While you are recording, the file will be stored in the /var/pcast/agent/recordings directory. Once you have started a capture you can then –pause, –resume, –cancel and –stop the camera. When you –stop the recording, you will also want to include a –metadata option followed by the path to a property list that includes the available metadata for the podcast you are publishing and the –workflow to be assigned to the podcast.
podcast –server https://krypted.com/ –user charles –pass secretpassword –stop “ConferenceRoom” –metadata ~/ConferenceRoomMeeting10012009_metadata.plist –workflow “Meetings”

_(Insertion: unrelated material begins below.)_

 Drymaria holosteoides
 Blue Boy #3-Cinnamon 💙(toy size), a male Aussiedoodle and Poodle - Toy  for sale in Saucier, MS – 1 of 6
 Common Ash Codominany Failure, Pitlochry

The –metadata option and the ability to stop, start and publish into workflows allows for integration with a number of other solutions, including Final Cut Server and various third party capture tools. These often have the ability to control quality, something you can easily feed back into Podcast Producer using the output from the other tool. Quality is applied per device connected to a device that is “bound”. Run the podcast command using the –getconfig option to see the quality settings for each device connected to a specific computer:
podcast –getconfig
You can alter the quality for some devices. To start, run the podcast command with the –presets option as follows:
podcast –presets
This is going to go ahead and list all of the preset settings that you can easily use to configure the devices. You can then set the configuration using the –setconfig option to set the preset for a given device, following it with the appropriate key. For example, we’re going to switch from the default format for videos, MPEG4 to using uncompressed video by using the Best video preset instead of the Good video preset:
podcast –setconfig Capture=Video:Best
To then change it back we would use the following command:
podcast –setconfig Capture=Video:Good
Because as quality of recordings and their length increase, you may incur a backlog of recordings waiting to be processed by a server there may be a time when you want to check the status of an upload. To do so use the –list_uploads option:
podcast –list_uploads
You can also submit files (common when bringing in assets from other solutions) instead of live video recordings:
podcast –server https://krypted.com/ –user charles –pass secretpassword –submit –file ~/Movies/file.mov –workflow ‘Meetings’ –metadata ~/Desktop/todaysmeetingmetadata.plist
Again, if you’re leveraging podcast as a sort of API and you’re going to be generating this programatically then you’ll also likely push your metadata fields into the appropriate format in the property list that we had on the Desktop, maybe storing it in a temp location instead. The metadata format is
<?xml version=”1.0″ encoding=”UTF-8″?>
<!DOCTYPE plist PUBLIC “-//Apple//DTD PLIST 1.0//EN” “http://www.apple.com/DTDs/PropertyList-1.0.dtd”>
<plist version=”1.0″>
<dict>
<key>Author</key>
<string>NAME OF AUTHOR</string>
<key>Comment</key>
<string>COMMENTS GO HERE.</string>
<key>Copyright</key>
<string>COPYRIGHT INFO GOES HERE</string>
<key>Description</key>
<string>DESCRIPTION GOES HERE
</string>
<key>Keywords</key>
<string>KEYWORDS OR TAGS GO HERE</string>
<key>Title</key>
<string>TITLE OF PODCAST GOES HERE</string>
</dict>
</plist>
Because the above information is in a standardized format then if you have another solution or a script you can use a tool such as plistbuddy to programatically generate the metadata files from other sources, thus trading metadata between solutions. For example, a very simplistic way to watch that feed would be using the curl command:
curl https://krypted.com//feed
If you’d rather use Podcast Producers engine to work with files offline then you can do so as well. In the /usr/libexec/podcastproducer directory there are a number of commands that can be used to work with video files, allowing you to do anything that you can do within a Podcast Producer workflow. Additionally, most of these are wrapped into the pcastaction command in /usr/bin.